[TASK]
Every record below must be returned word for word, with the pictures left out.

-*-*-

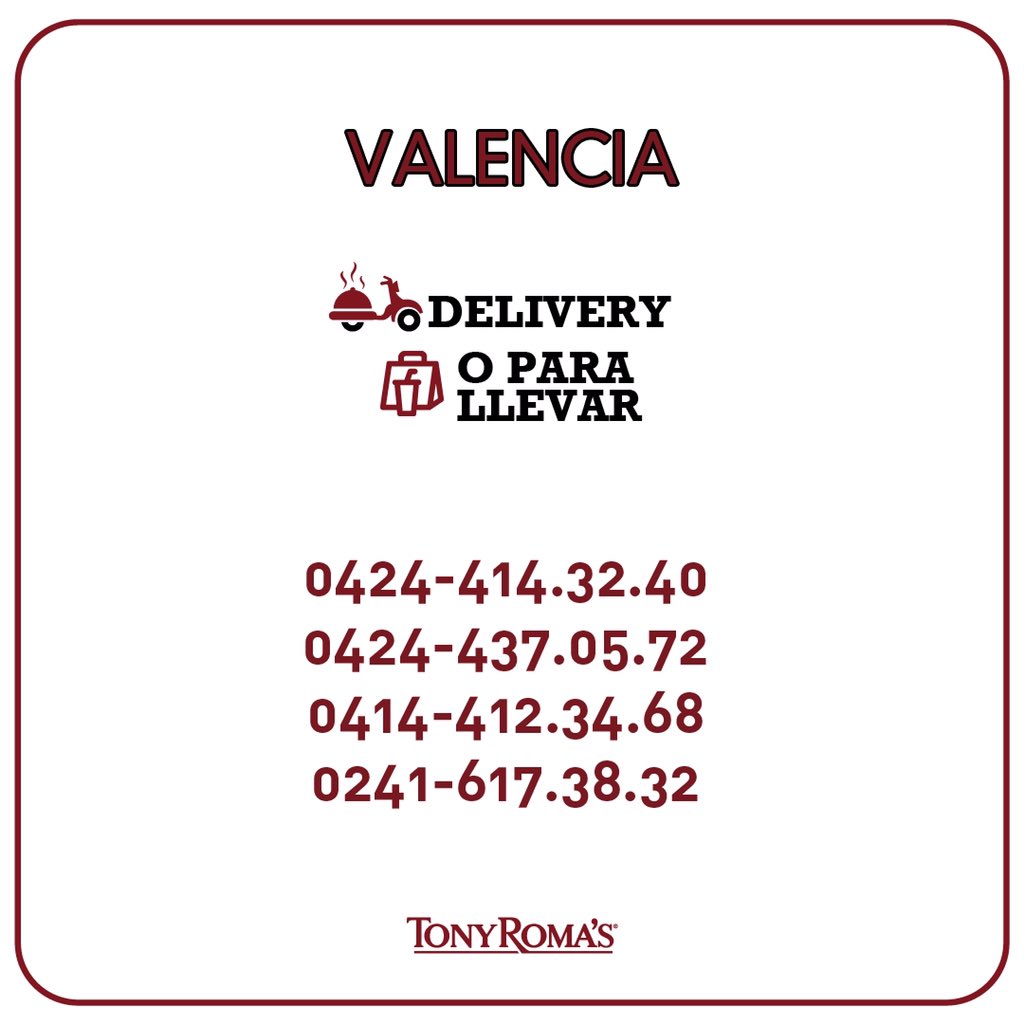 TonyRomasVE's tweet photo. ¡Estamos abiertos en #Maracaibo y #Valencia para complacer tus antojos! Comunícate a nuestros números. https://t.co/X6NTwkflPc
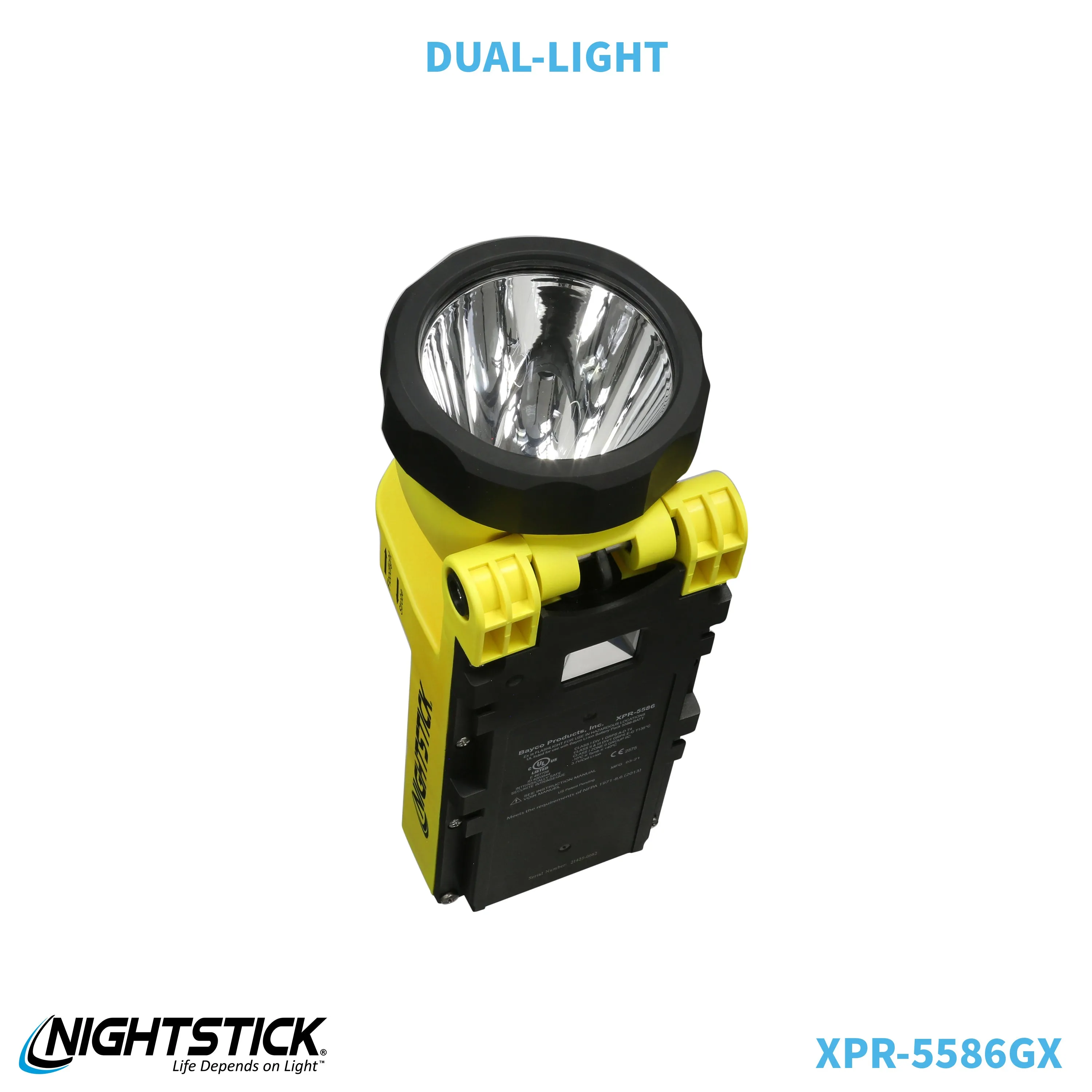 XPR-5586GX: IS Rechargeable Dual-Light Lantern w/Pivoting Head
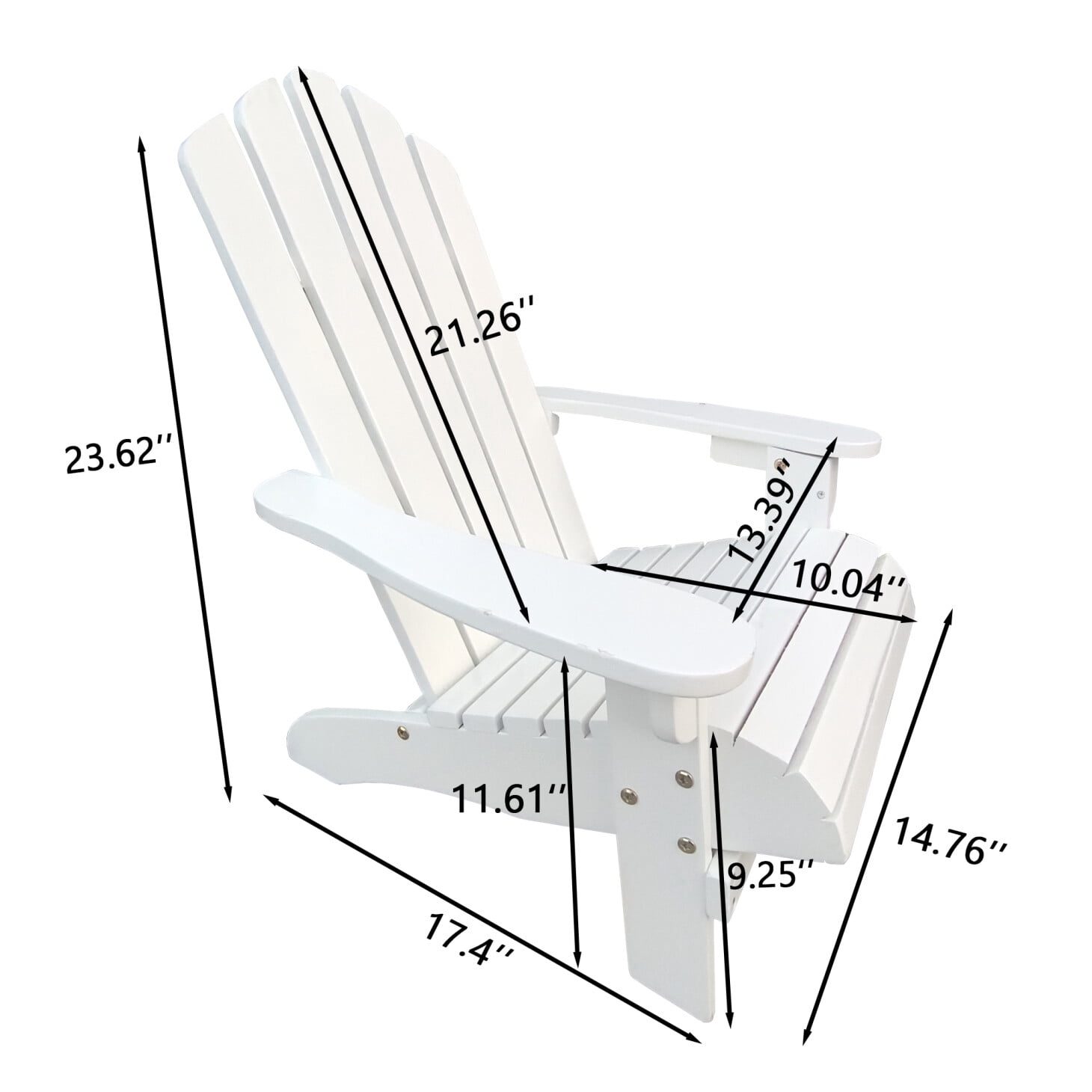 Kids Adirondack Lawn Chairs with Wide Armrest and Wood Frame,Foldable Lounge Chair with Adjustable Backrest, Plastic Chairs with Curved Seat for Patio, Deck, Yard, Garden, White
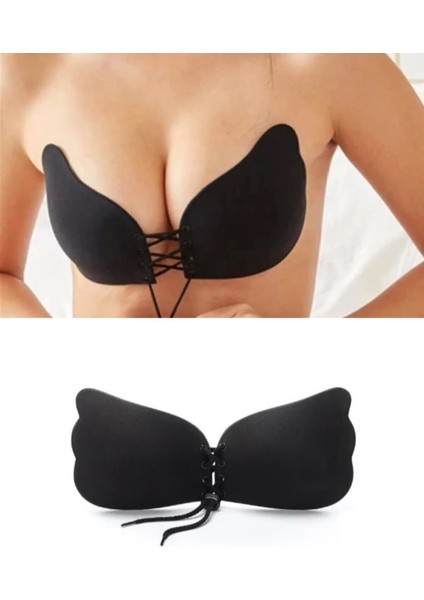 Askısız Kelebek Sütyen - Siyah Dolgun Gösteren Dikişsiz Silikonlu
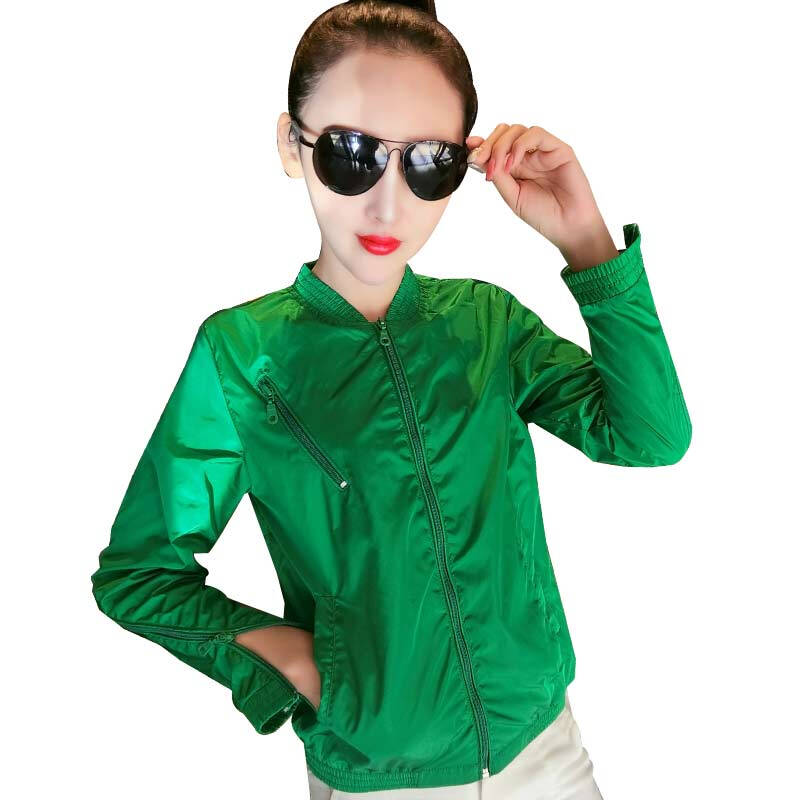 2018夏季新款女装韩版立领长袖防晒服百搭棒球服夹克衫宽松短外套绿色M建议体重90-100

-*-*-

[ANSWER TO THE PROBLEM]
 TonyRomasVE's tweet photo. ¡Estamos abiertos en #Maracaibo y #Valencia para complacer tus antojos! Comunícate a nuestros números. https://t.co/X6NTwkflPc
 XPR-5586GX: IS Rechargeable Dual-Light Lantern w/Pivoting Head
 Kids Adirondack Lawn Chairs with Wide Armrest and Wood Frame,Foldable Lounge Chair with Adjustable Backrest, Plastic Chairs with Curved Seat for Patio, Deck, Yard, Garden, White
 Askısız Kelebek Sütyen - Siyah Dolgun Gösteren Dikişsiz Silikonlu
 2018夏季新款女装韩版立领长袖防晒服百搭棒球服夹克衫宽松短外套绿色M建议体重90-100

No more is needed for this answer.